オペラ、コンサートを中心に、日々の感想を記します。

高関健/東京シティ・フィル

2021年10月15日 | 音楽
 高関健が指揮する東京シティ・フィルの定期は、ストラヴィンスキー(1882‐1971)の没後50年を記念するオール・ストラヴィンスキー・プロだ。曲目は「小管弦楽のための組曲第2番」(1921)、バレエ音楽「ミューズを率いるアポロ」(1928)、バレエ音楽「カルタ遊び」(1936)、「3楽章の交響曲」(1945)の4曲。各オーケストラの今年の定期の中で、わたしが一番楽しみにしていた演奏会だ。

 4曲ともオーケストラはあまりなじみがなく、また演奏時間もけっこう長いので(4曲合計で80分あまり)、オーケストラは準備が大変だったと思うが、どの曲も準備不足を感じさせず、ごまかしのない、正確な譜読みの演奏だった。高関健の指揮のたまものだが、同時に東京シティ・フィルの基礎的なアンサンブルの向上も感じた。

 1曲目の「小管弦楽のための組曲第2番」はパリのミュージックホールの依頼で書かれたそうだが、その割にはリズムやソリスティックな動きなど、意外に難しそうだ。演奏はそんな難しさを感じさせず、とぼけた味わいを醸し出した。

 2曲目の「ミューズを率いるアポロ」は弦楽器の音の鮮度が高かった。2分割したチェロのそれぞれの動き、第1ヴァイオリンと第2ヴァイオリンの絡み合い(当演奏会では第1ヴァイオリンと第2ヴァイオリンが指揮者の左右に配置された。それが効果的だった)、コンサートマスターとフォアシュピーラーと第2ヴァイオリンの首席奏者の3人のアンサンブルなど、実演でこそ実感できるおもしろさがあった。
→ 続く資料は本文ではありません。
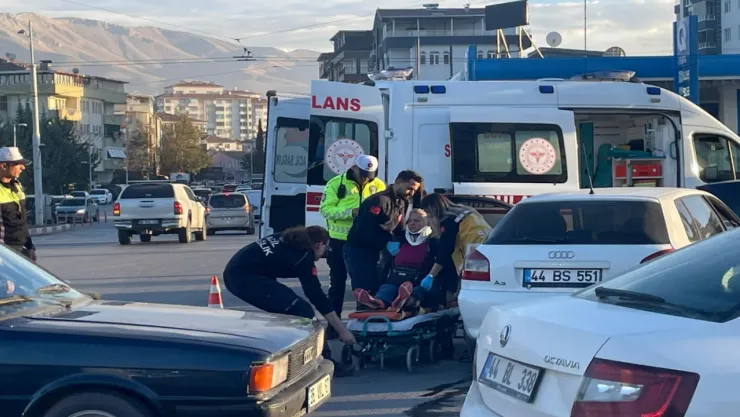 Yeşilyurt'ta Korkutan Kaza! Çarpışan Araçlarda 1 Yaralı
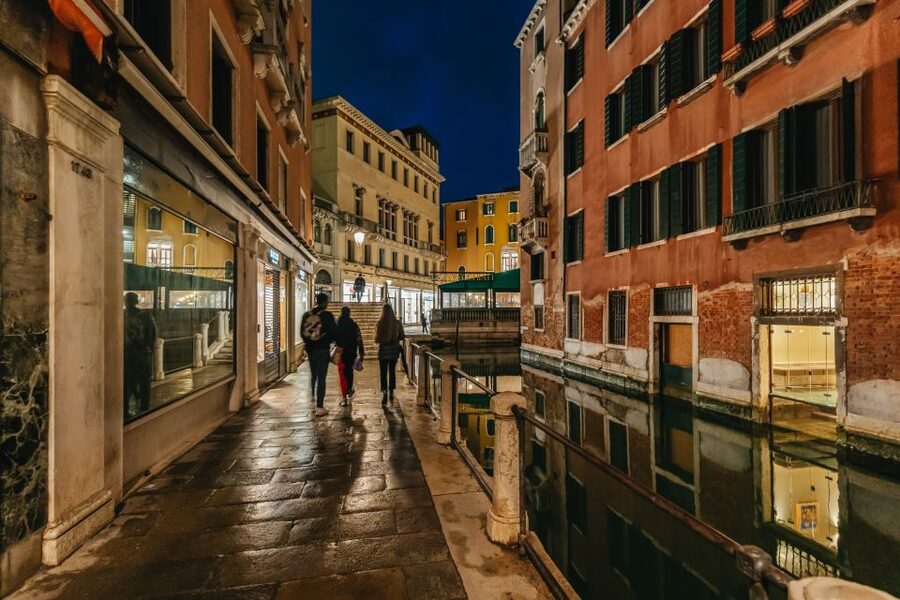 Venice: The Ghost & Legends Walking Tour - Is $42 a Fair Price?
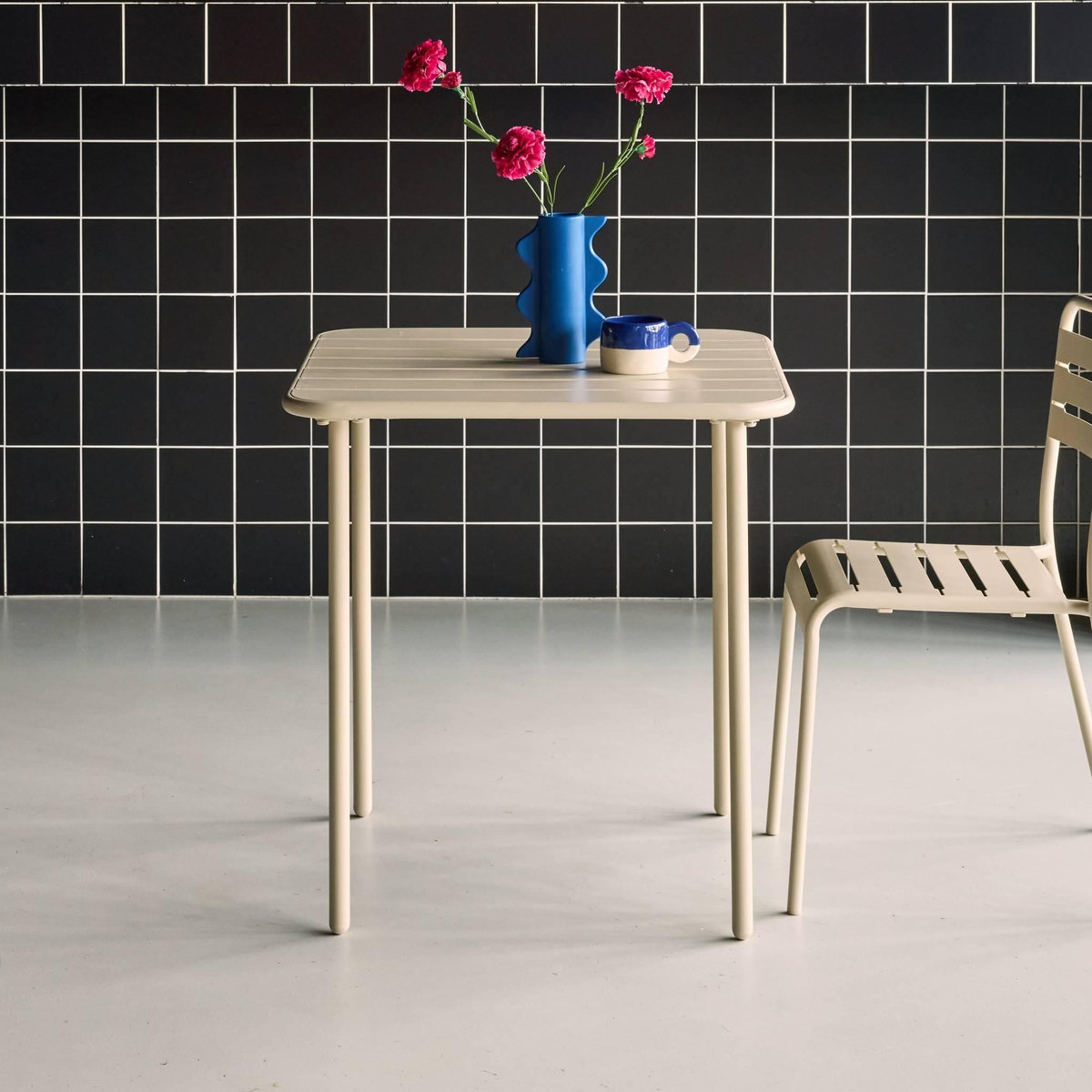 SWEEEK Table de jardin métal 2 places, Amelia 70 x 70cm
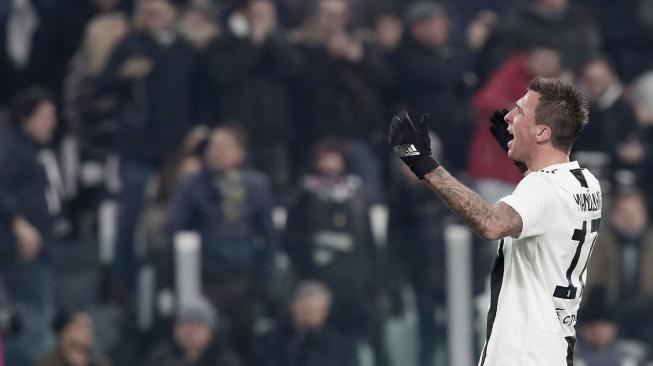 Pemain depan Juventus Mandzukic merayakan gol yang dicetak ke gawang Inter Milan pada pertandingan sepak bola Serie A Juventus melawan Inter Milan di Stadion Allianz, Turin, Italia, Sabtu (8/12). [Isabella BONOTTO / AFP]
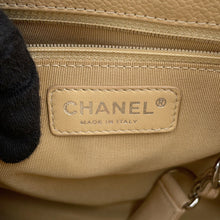 将图像加载到图库查看器中，CHANEL GST tote BeigeA50995 Caviar Leather
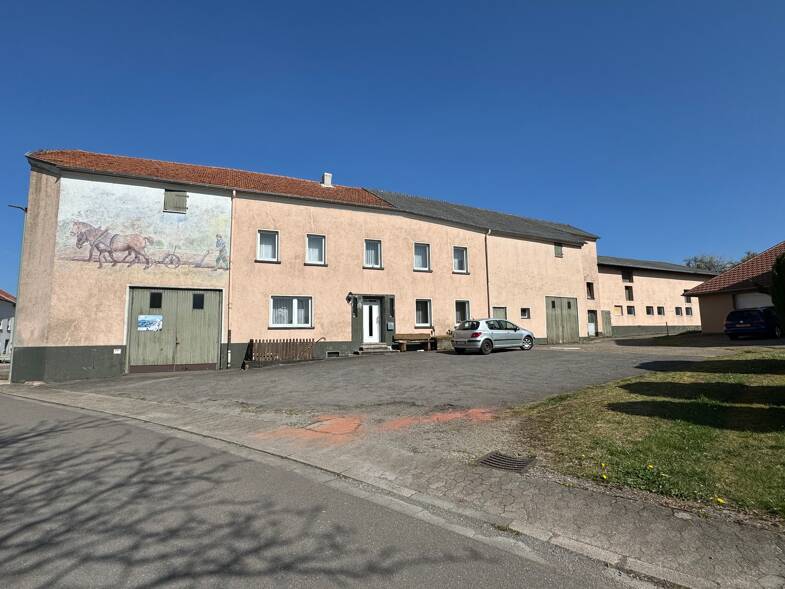 Haus zum Kauf 199.000 € 120 m² 4.810 m² Grundstück frei ab sofort lothringerstrasse 10 Weiten Mettlach 66693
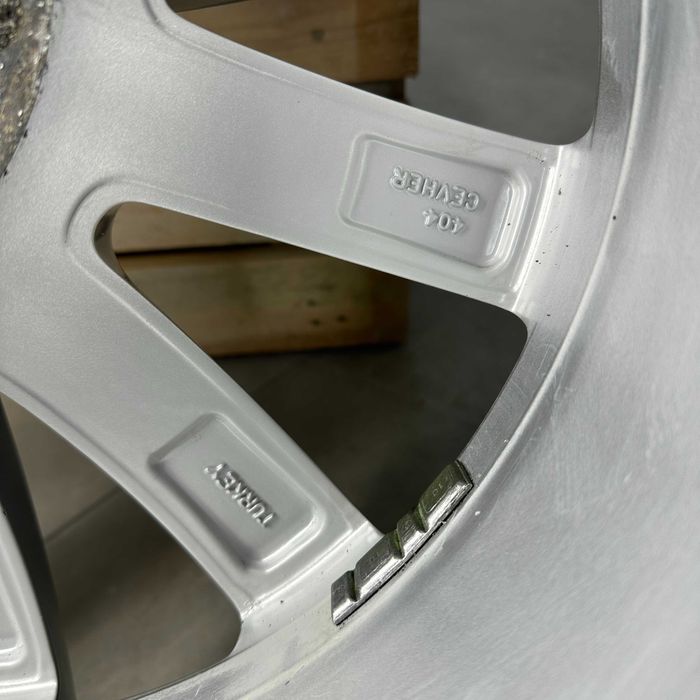 Оригінальні диски в зборі Volkswagen TOUAREG MERANO R18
 高関健がプレトークでいっていたが、この曲はカラヤンがよくやった(高関健はカラヤンのアシスタントをしていたので、何度も聴いたそうだ)。たしかに弦楽器の威力のデモンストレーションには絶好の曲だ。分厚い音から繊細な音まで多彩な音が展開し、加えて上述のような細かい動きにも事欠かない。カラヤンが好んだのも頷ける。

 3曲目の「カルタ遊び」(高関健はプレトークで「トランプ・ゲーム」のほうがふさわしいといっていた。原題はフランス語でJeu de Cartes)はアバドが好んだ曲で、高関健もその演奏を聴いたことがあるそうだ。たしかに多数の有名曲を潜ませたアバド好みの知的な遊びのある曲だ。演奏はそのおもしろさをクリアに伝えた。

 4曲目の「3楽章の交響曲」はニューヨーク・フィルの依頼で書かれた曲。高関健はバーンスタインの指揮で聴いたことがあるそうだ。そのためかバーンスタインを彷彿とさせるダイナミックな演奏だった。第1楽章はピアノが活躍し、第2楽章はハープが活躍する曲なので、ピアノとハープを指揮者の前に据えた配置が効果的だった。